J'ose à peine le croire, mais c'est pourtant vrai. Tous les jours, sauf le lundi, quelque part entre 11h et 17h, le téléphone blanc sur le mur blanc d'une des salles de l'exposition Imagine, la ballade pour la paix de John et Yoko au Musée des beaux-arts de Montréal, va sonner. Quiconque sera dans cette salle à ce moment-là pourra répondre. «Allo, c'est Yoko», dira la voix à l'autre bout du fil.
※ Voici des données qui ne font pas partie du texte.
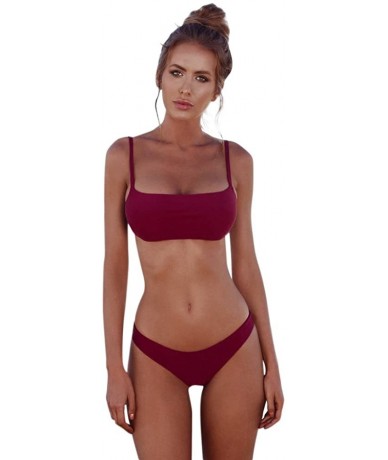 Sets Swimsuits for Women Solid Bikini Set Brazilian Swimwear Breathable Padded Bra Thong - Wine Red - CC190OCDLC7 $22.58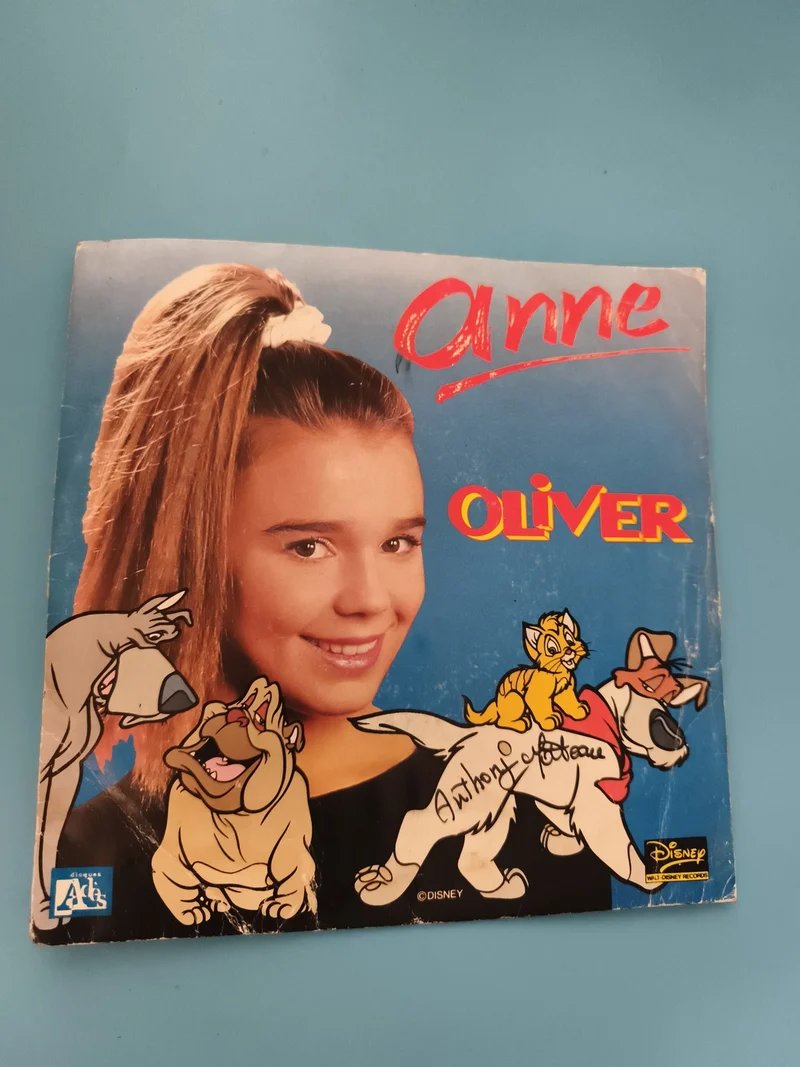 Vinyle Anne Oliver Disney jaquette couleur dessins animés années 80 45 tours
Comprenez-moi bien, il ne s'agira pas d'un message enregistré ou d'une imitation de Pierre Verville. À l'autre bout du fil, tous les jours sauf le lundi, ce sera bel et bien Yoko qui, de New York ou Tombouctou, aura composé le numéro afin d'engager la conversation avec un visiteur de l'expo. L'idée est d'elle et connaissant sa détermination, il est assuré qu'elle ne manquera pas un seul appel pendant deux mois et demi. C'est tout à son honneur.

N'importe qui peut donc répondre à Yoko. Même les journalistes? ai-je demandé. Si oui, peuvent-ils en profiter pour faire une entrevue avec Yoko et poser les vraies questions sans craindre d'être décapités par la machette d'une matrone faisant partie de sa garde rapprochée?

Si vous pensez que j'exagère, demandez à Patrice Roy comment il a aimé se faire rabrouer en pleine entrevue par une relationniste américaine mécontente d'une de ses questions. Il ne fut pas le seul. Mes collègues Mario Cloutier et Bernard Brault qui sont allés rencontrer Yoko à New York ont dû se farcir le même genre d'ingérence.

Yoko Ono a beau être la plus grande des pacifistes, son entourage est une machine de guerre tyrannique qui semble avoir été mise sur pied uniquement pour broyer la liberté (de parole et de mouvement) des journalistes. Si ce n'était qu'une affaire de sécurité, on comprendrait. Mais au-delà de la protection de Yoko, il y a une volonté féroce et antidémocratique de ses relationnistes de contrôler l'information.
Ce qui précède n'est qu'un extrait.